[ACTIVITY]: Beginning with the line that has "2402 26th Ave, Oakland, California" and ending with the line that has "1610 S Beverly", retype the entries below exactly, except for the pictures.

PROVIDED DATA Block Start

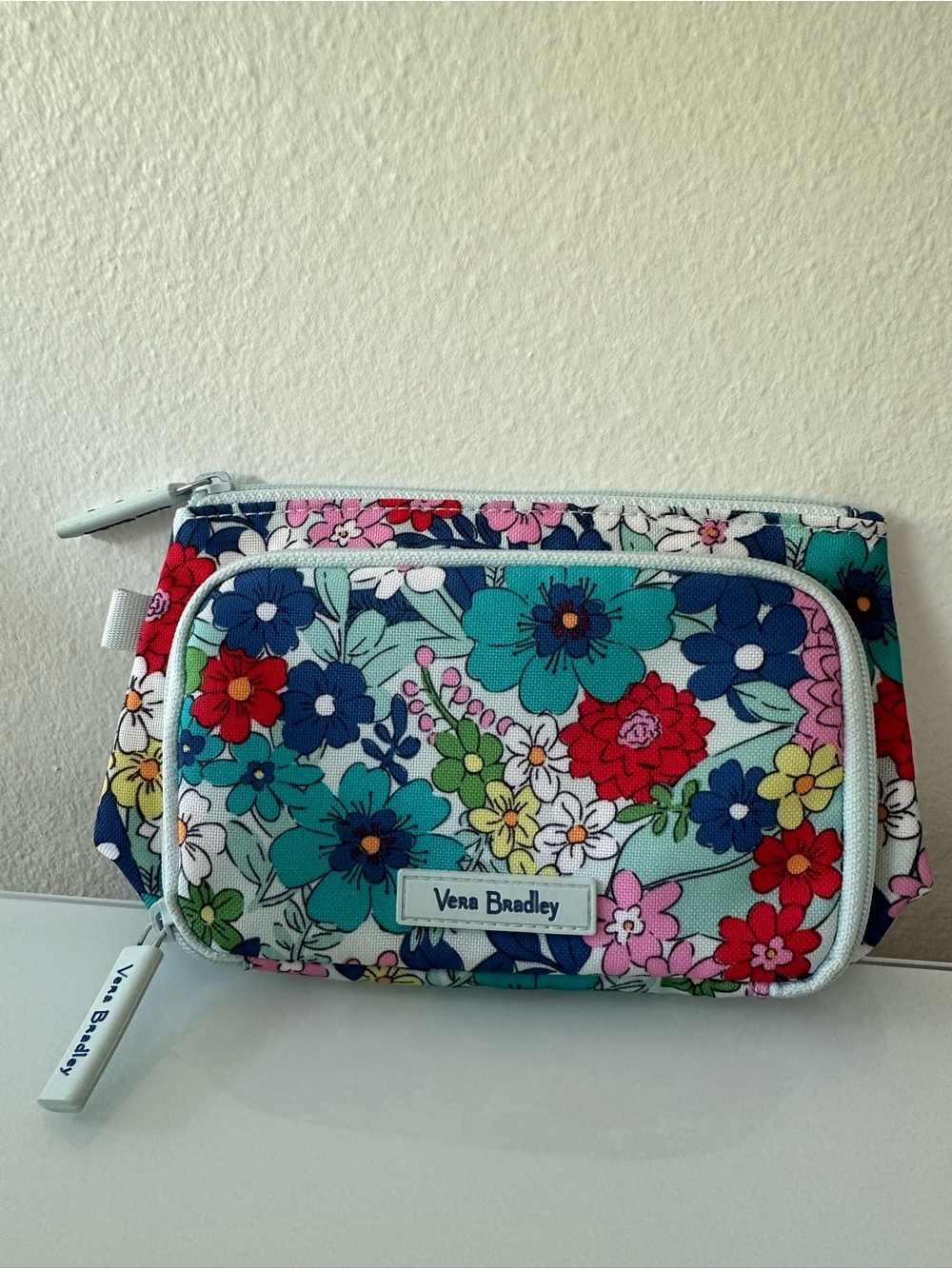 Vera Bradley Floral Travel Cosmetic bag, makeup bag or small pouch, NWOT.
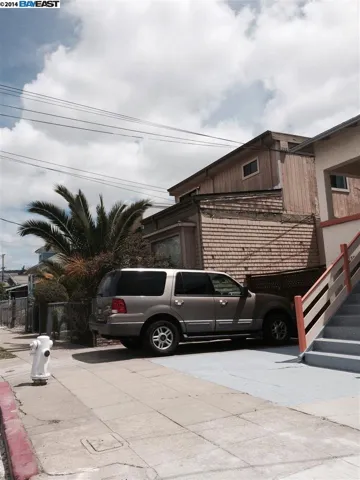 2402 26th Ave, Oakland, California 94601-1904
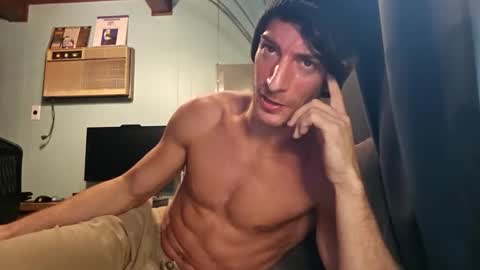 Snackyyyy online show from March 3, 1:46 am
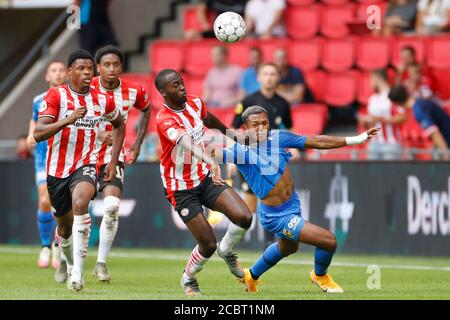 Eindhoven, Niederlande. August 2020. EINDHOVEN, 15-08-2020 Philips Stadium, freundliches Vorsaison Spiel vor der niederländischen Fußballsaison 2020/2021 zwischen PSV und Vitesse. Jordan Teze and Lois Openda Kredit: Pro Shots/Alamy Live Nachrichten Stockfoto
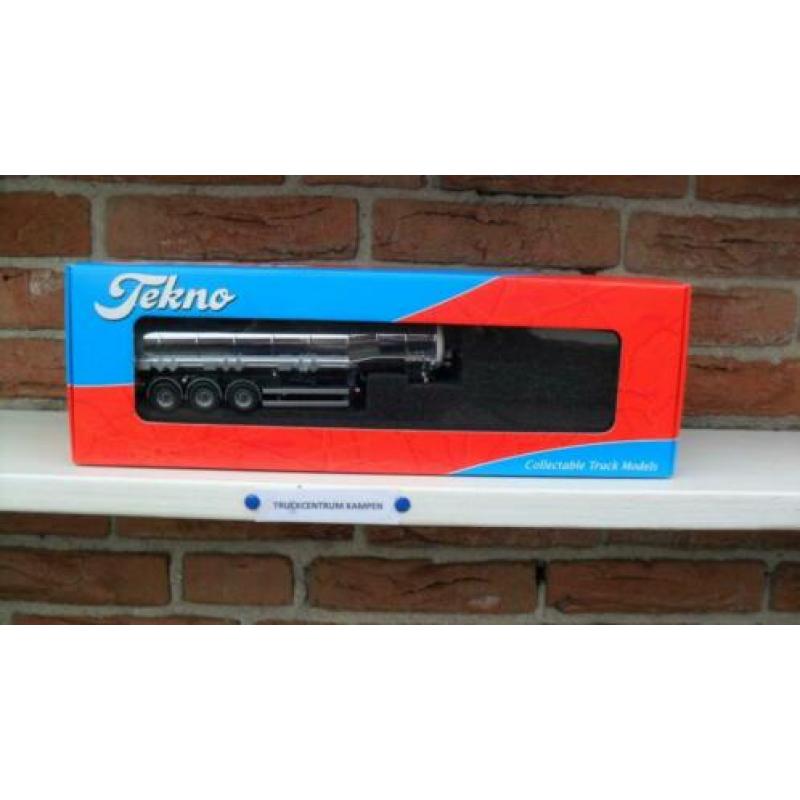 Tekno Tankoplegger Chrome.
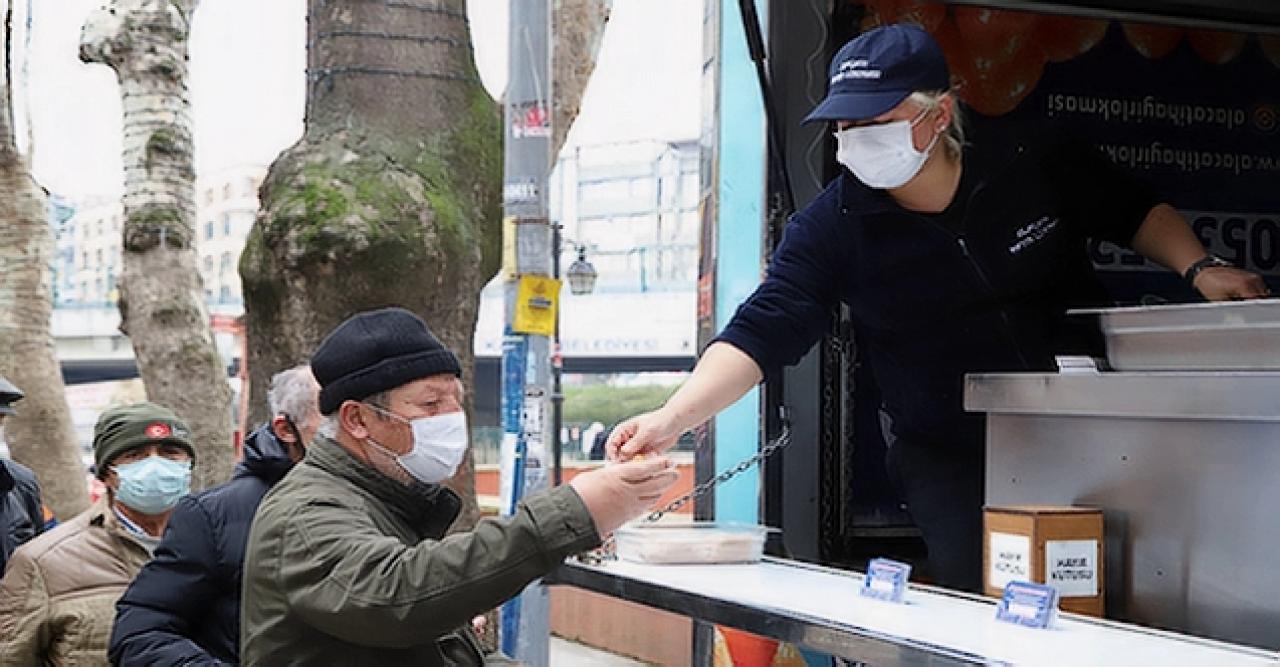 Kartal Belediyesi'nden vatandaşlara kandil simidi ve hayır lokması ikramı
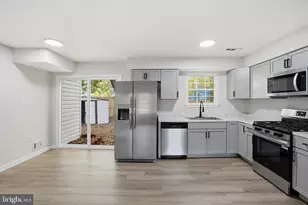 13357 Pelican Rd, Woodbridge, VA 22193 - Photo 17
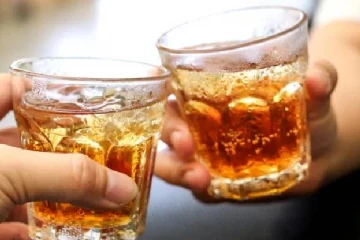 இலங்கை  குடிமகன்கள் சாதனை; 9 நாட்களில் 500 கோடி ரூபாவுக்கு  விற்பனை!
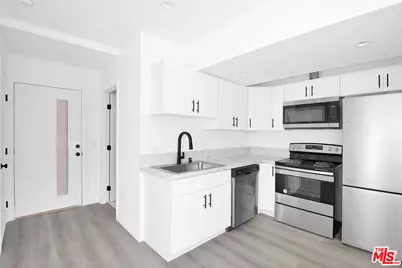 1610 S Beverly Glen Blvd #10, Los Angeles, CA 90024 - Photo 1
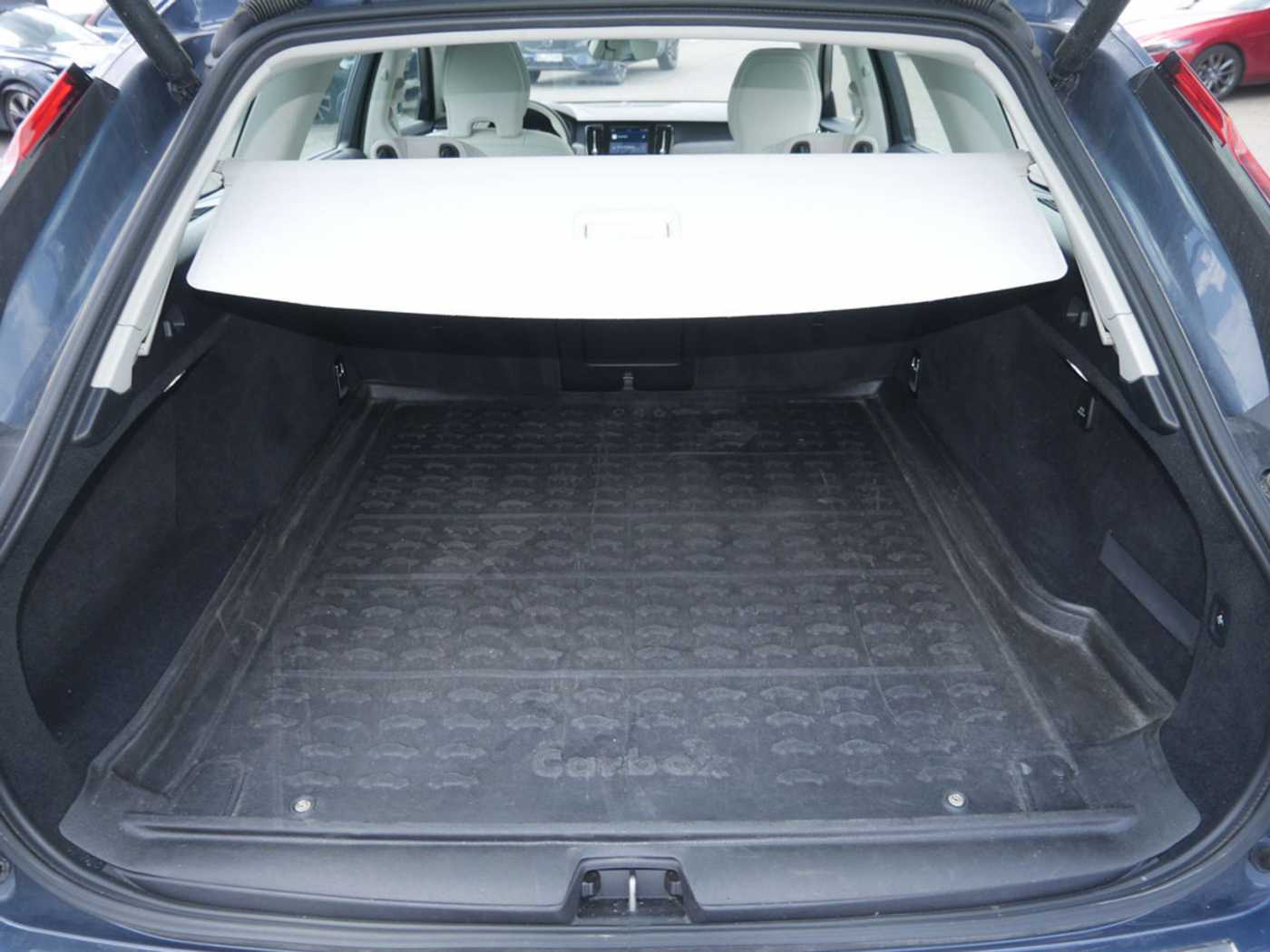 Volvo  T8 Recharge AWD NAVI AHK ACC HUD LED PANO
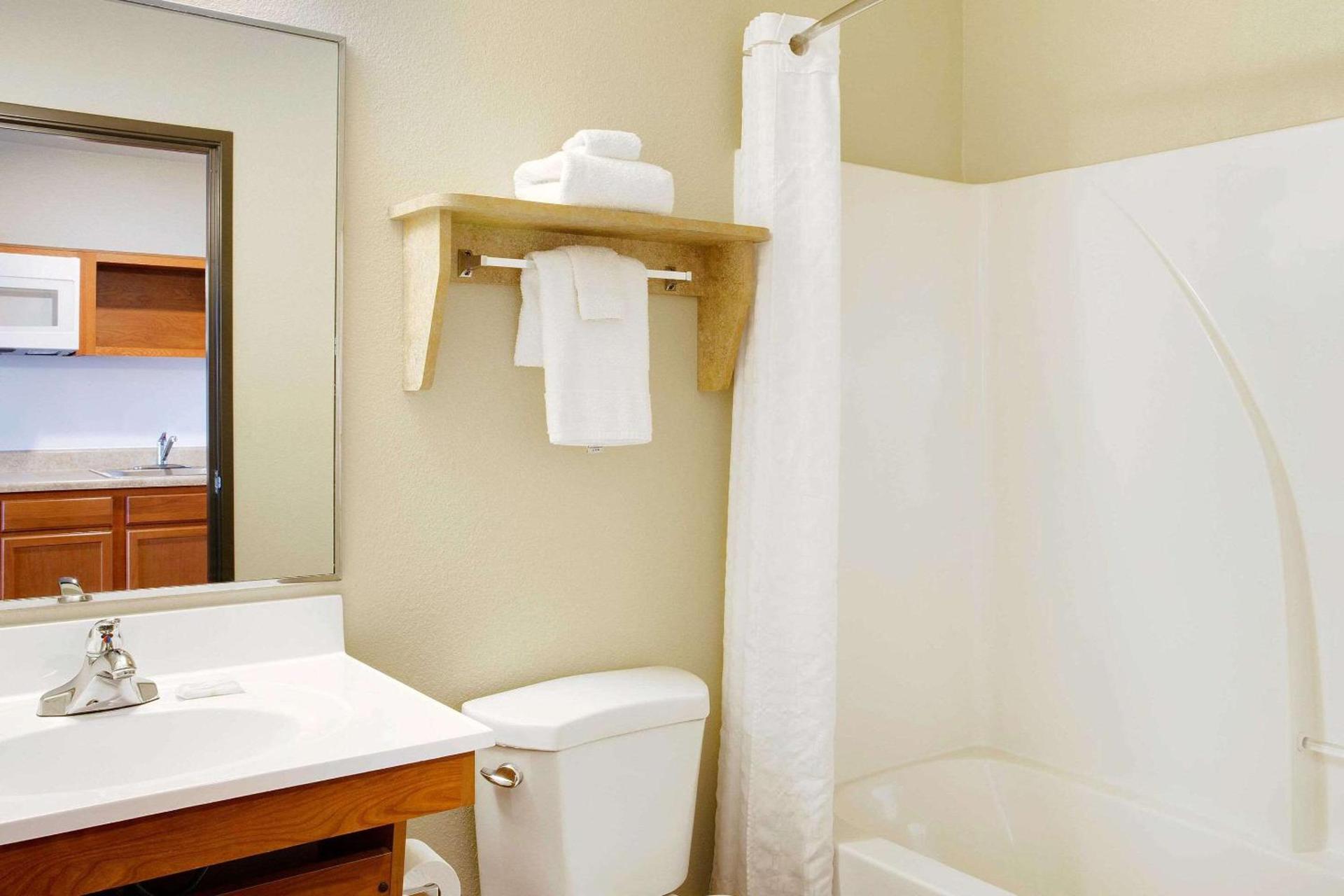 WoodSpring Suites Chesapeake-Norfolk Greenbrier photo 13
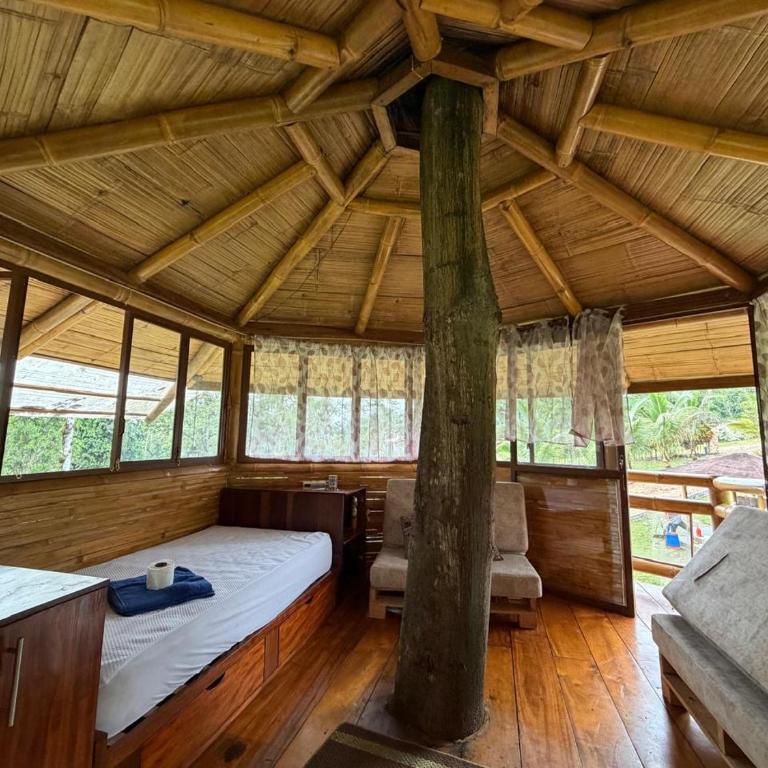 Casa del árbol - zona para acampar - Habitación Doble con vistas al jardín - 1 o 2 camas - 2
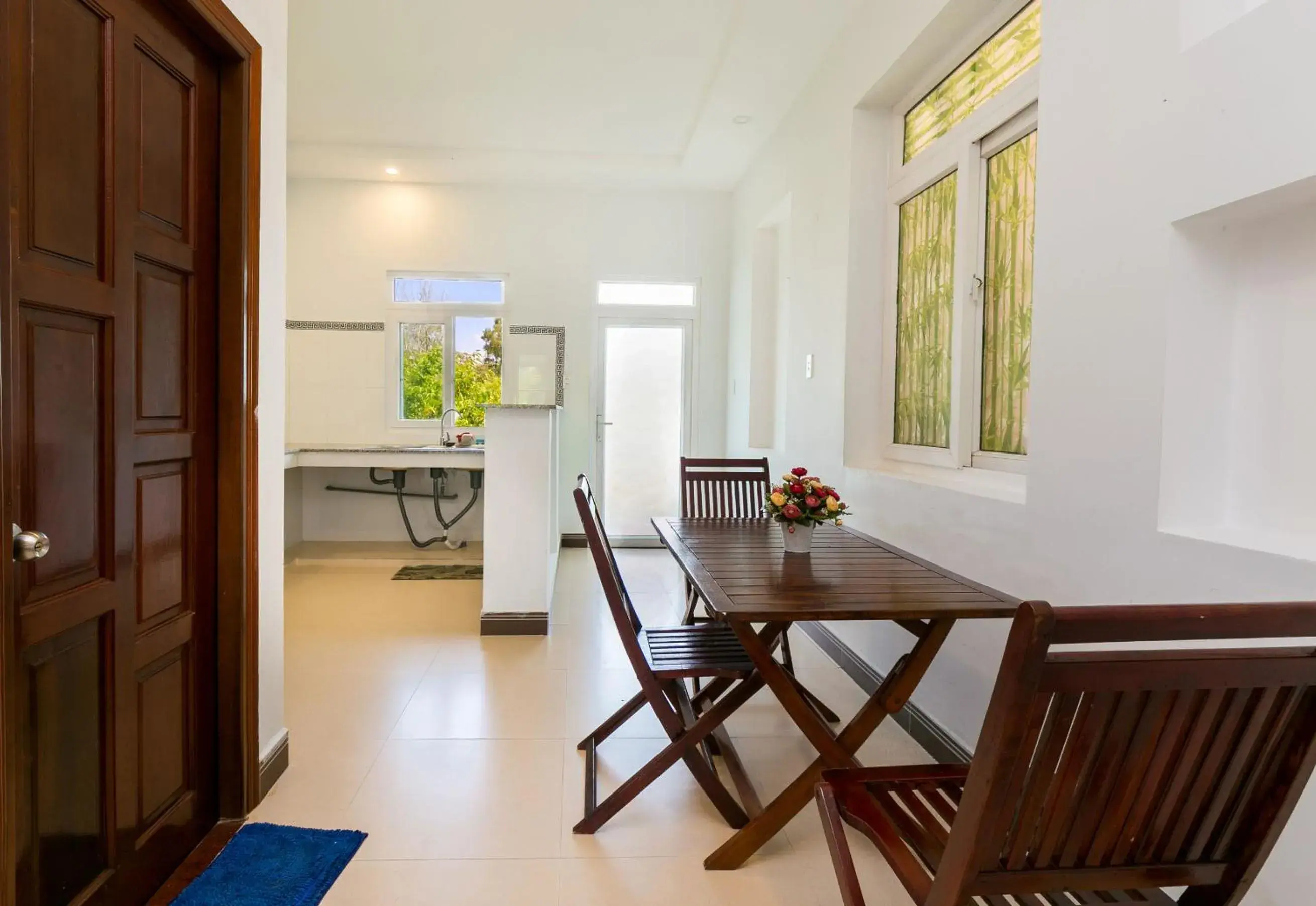 Kitchen or kitchenette, Dining Area in Mayfair Valley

PROVIDED DATA Block End

[RESPONSE]:
 2402 26th Ave, Oakland, California 94601-1904
 Snackyyyy online show from March 3, 1:46 am
 Eindhoven, Niederlande. August 2020. EINDHOVEN, 15-08-2020 Philips Stadium, freundliches Vorsaison Spiel vor der niederländischen Fußballsaison 2020/2021 zwischen PSV und Vitesse. Jordan Teze and Lois Openda Kredit: Pro Shots/Alamy Live Nachrichten Stockfoto
 Tekno Tankoplegger Chrome.
 Kartal Belediyesi'nden vatandaşlara kandil simidi ve hayır lokması ikramı
 13357 Pelican Rd, Woodbridge, VA 22193 - Photo 17
 இலங்கை  குடிமகன்கள் சாதனை; 9 நாட்களில் 500 கோடி ரூபாவுக்கு  விற்பனை!
 1610 S Beverly Glen Blvd #10, Los Angeles, CA 90024 - Photo 1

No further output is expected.